YOUR GOAL>
Copying starts at the line containing "Oxoniya Identity (2BHK+2T" and stops after the last line of the records; each line is repeated exactly, and pictures are skipped.

EXTRACTED ENTRIES>
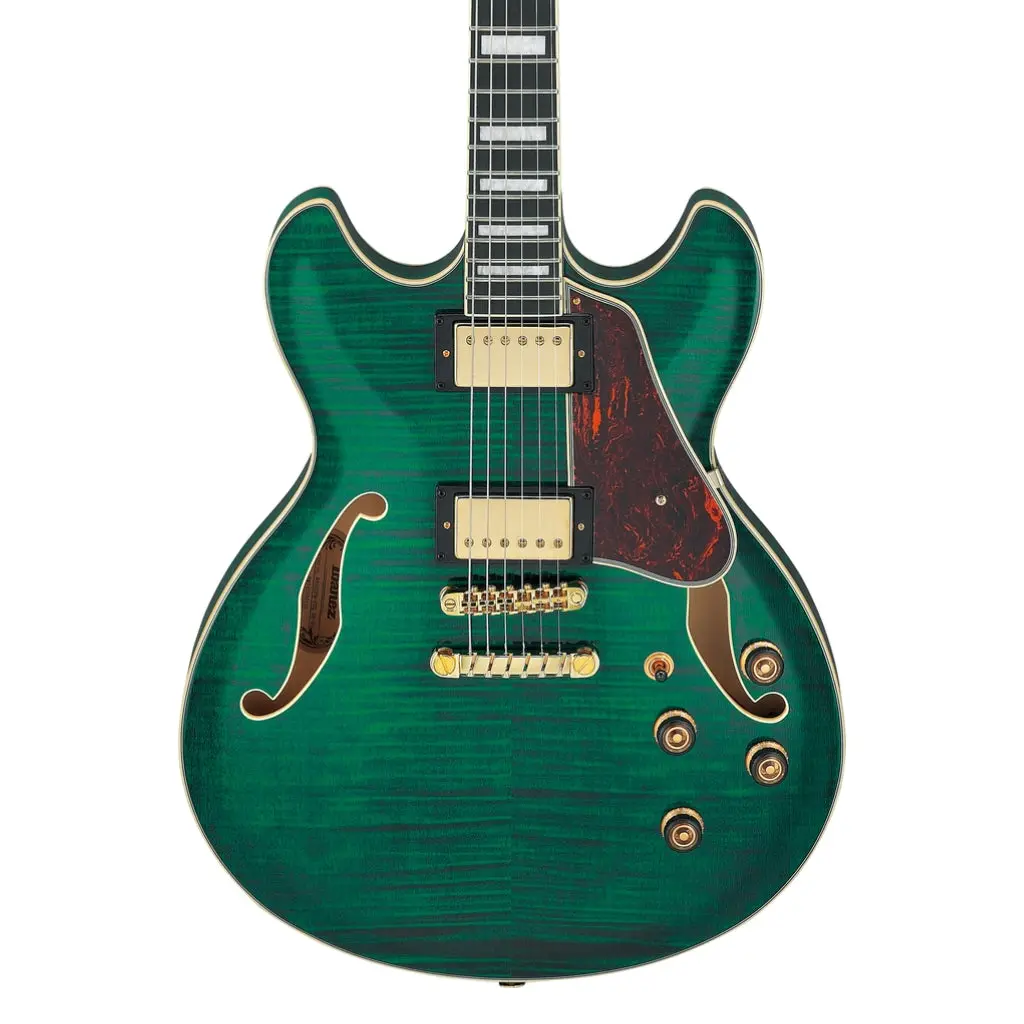 Ibanez As93fm Electric Guitar -  Transparent Moss Green 1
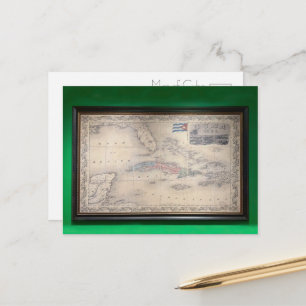 Tarjeta postal del mapa vintage de Cuba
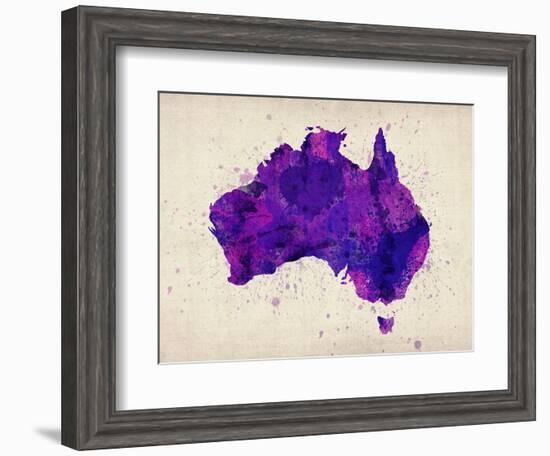 Australia Paint Splashes Map-Michael Tompsett-Framed Art Print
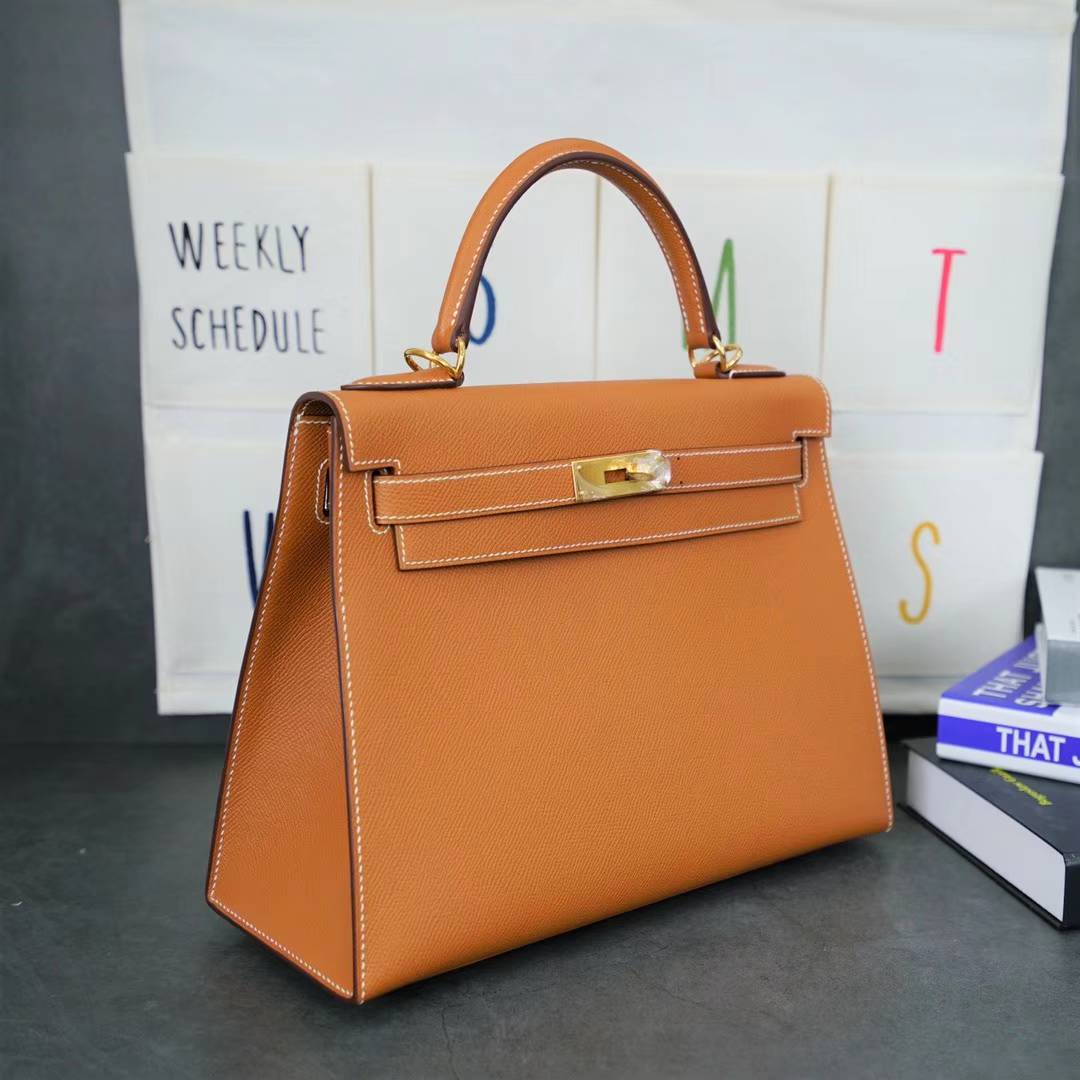 爱马仕Kelly女包 Hermes CK37金色原厂顶级Epsom牛皮凯莉包28cm 金扣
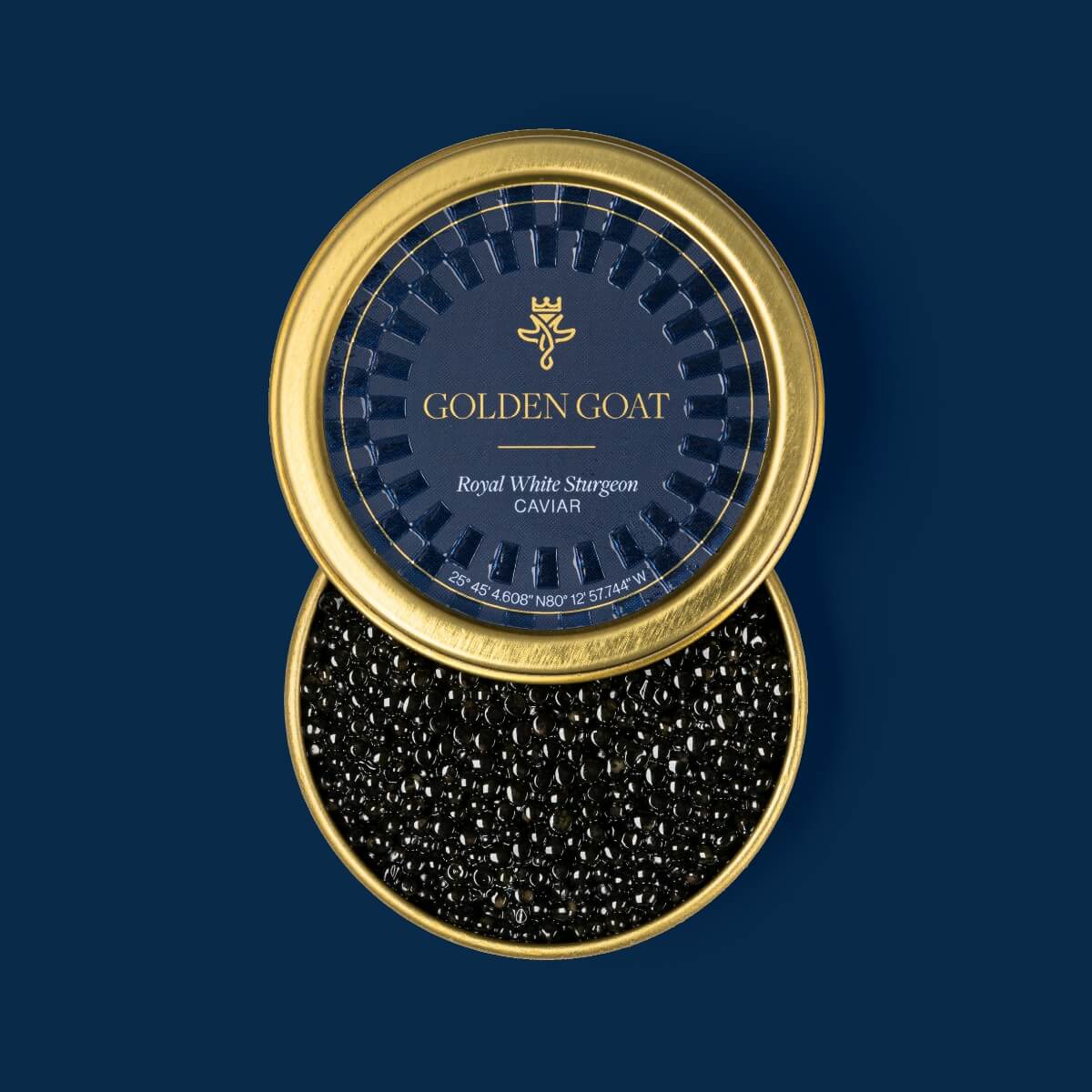 A tin container of Royal White Sturgeon caviar by GOLDEN GOAT, with a visible label on top showing the brand and product name.
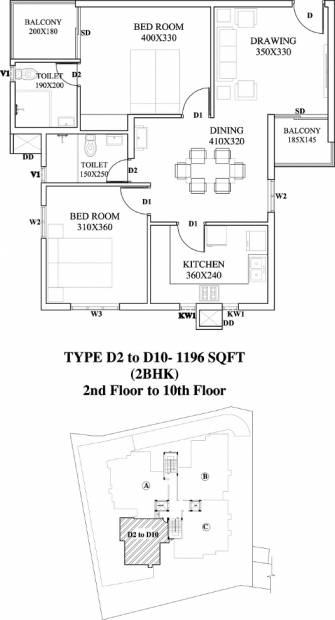 Oxoniya Identity (2BHK+2T (1,196 sq ft) 1196 sq ft)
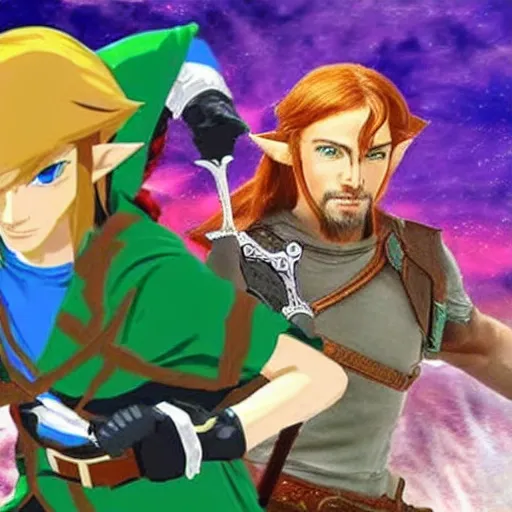 Image similar to Keanu reeves in hyrule as link fighting Donald Trump as Gannon realistic detailed image high resolution photo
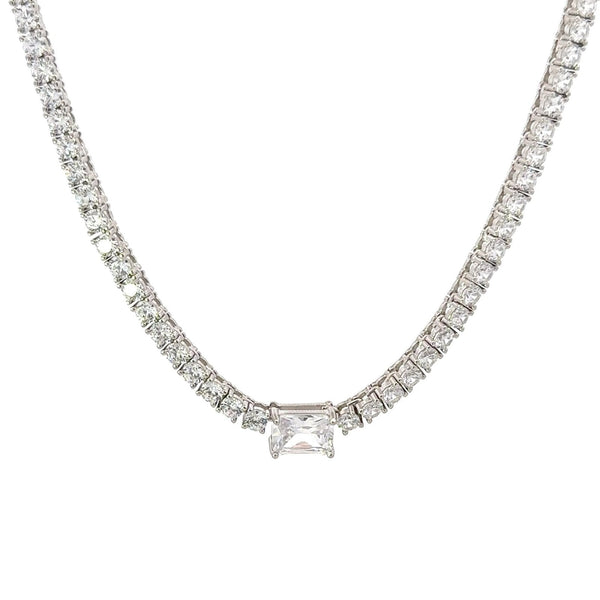 Classic Baguette Center Silver Choker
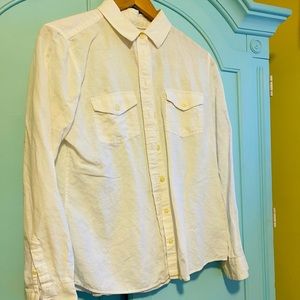 Banana Republic white linen/cotton blend shirt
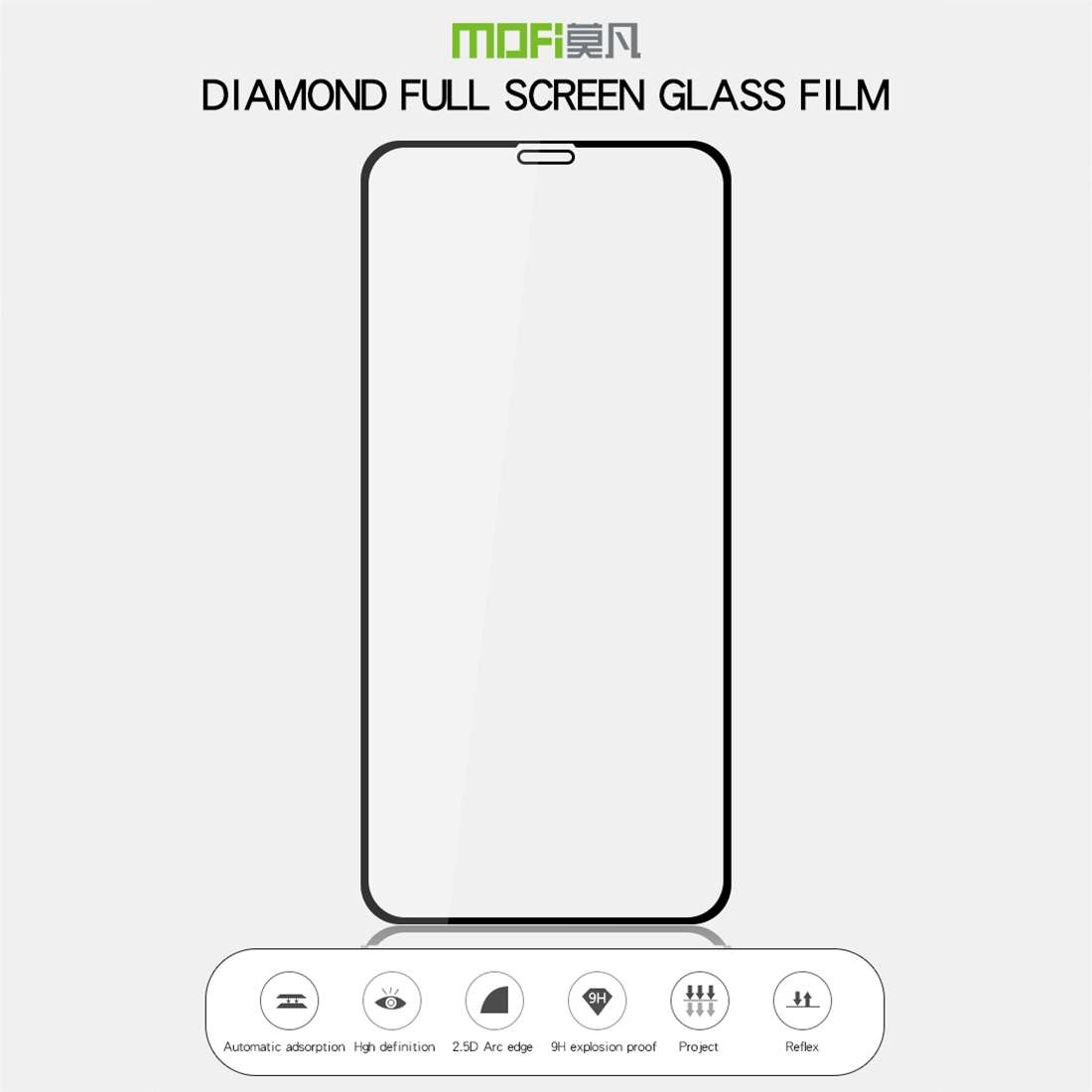 For iPhone 11 Pro / XS / X MOFI 9H Surface Hardness 2.5D Arc Edge Explosion-proof Full ... (Black)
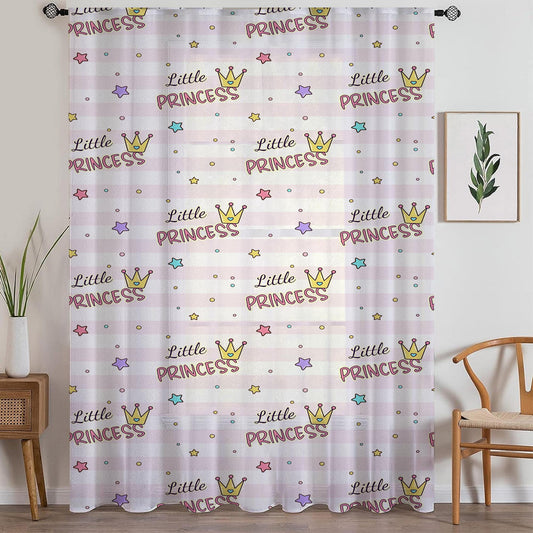 Princess Pink White Sheer Curtain for Girls Kids Room –Little Princess Nursery Net Voile, Lightweight & Machine Washable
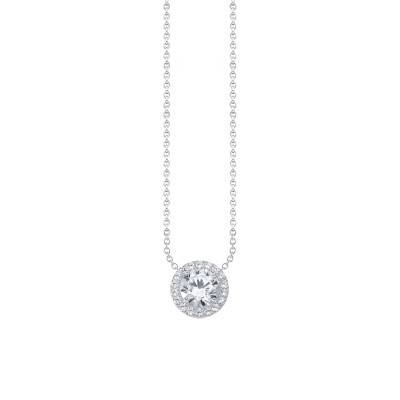 925 Silver & White Zirconium Oxide Halo Necklace, Length 40 cm to 45 cm, Width 1 mm - KE2279-051-14 - Thomas Sabo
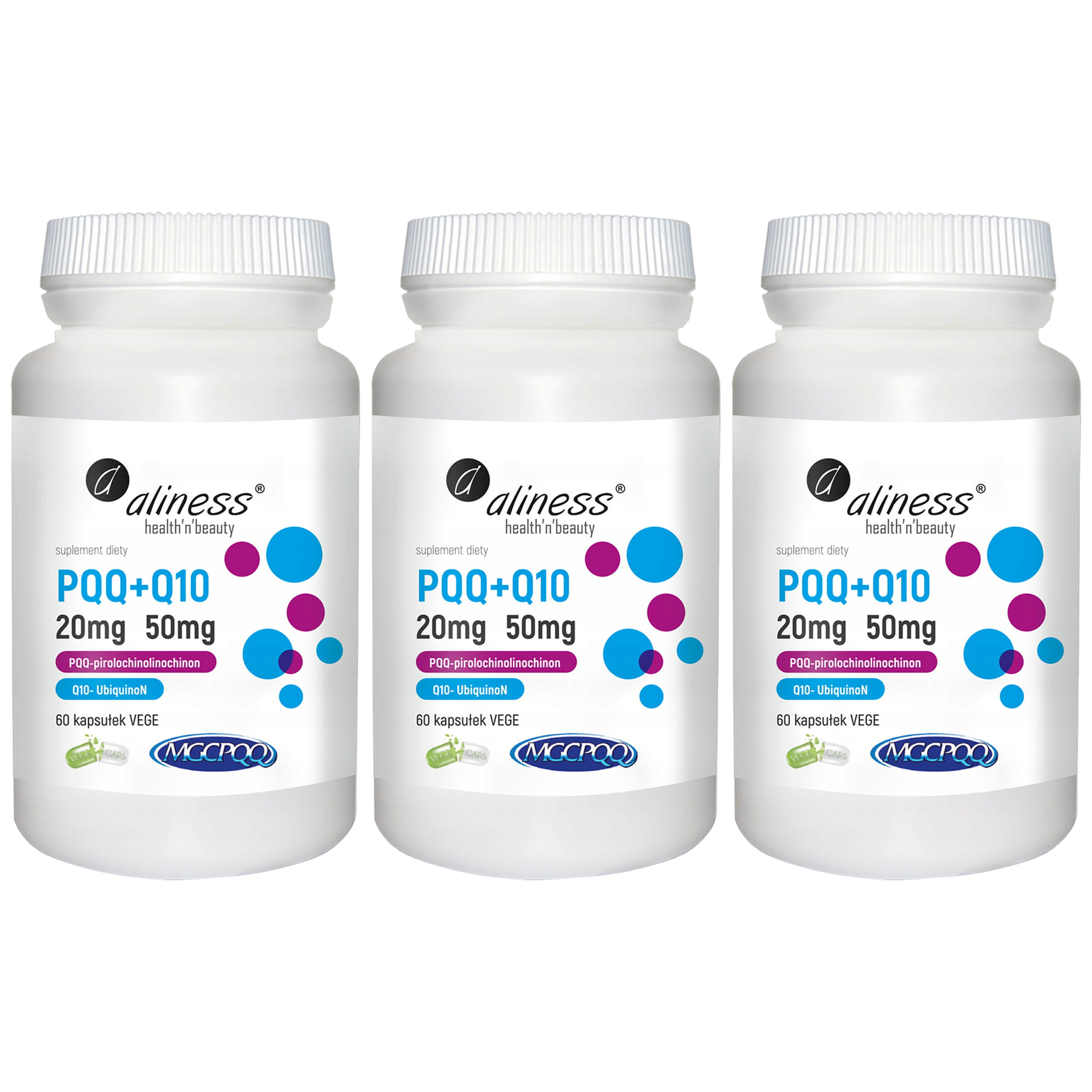 ALINESS PQQ MGCPQQ® 20 mg + Q10 50 mg - 3x 60vcaps.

RESPONSE TO THE EXERCISE>
 Oxoniya Identity (2BHK+2T (1,196 sq ft) 1196 sq ft)
 Image similar to Keanu reeves in hyrule as link fighting Donald Trump as Gannon realistic detailed image high resolution photo
 Classic Baguette Center Silver Choker
 Banana Republic white linen/cotton blend shirt
 For iPhone 11 Pro / XS / X MOFI 9H Surface Hardness 2.5D Arc Edge Explosion-proof Full ... (Black)
 Princess Pink White Sheer Curtain for Girls Kids Room –Little Princess Nursery Net Voile, Lightweight & Machine Washable
 925 Silver & White Zirconium Oxide Halo Necklace, Length 40 cm to 45 cm, Width 1 mm - KE2279-051-14 - Thomas Sabo
 ALINESS PQQ MGCPQQ® 20 mg + Q10 50 mg - 3x 60vcaps.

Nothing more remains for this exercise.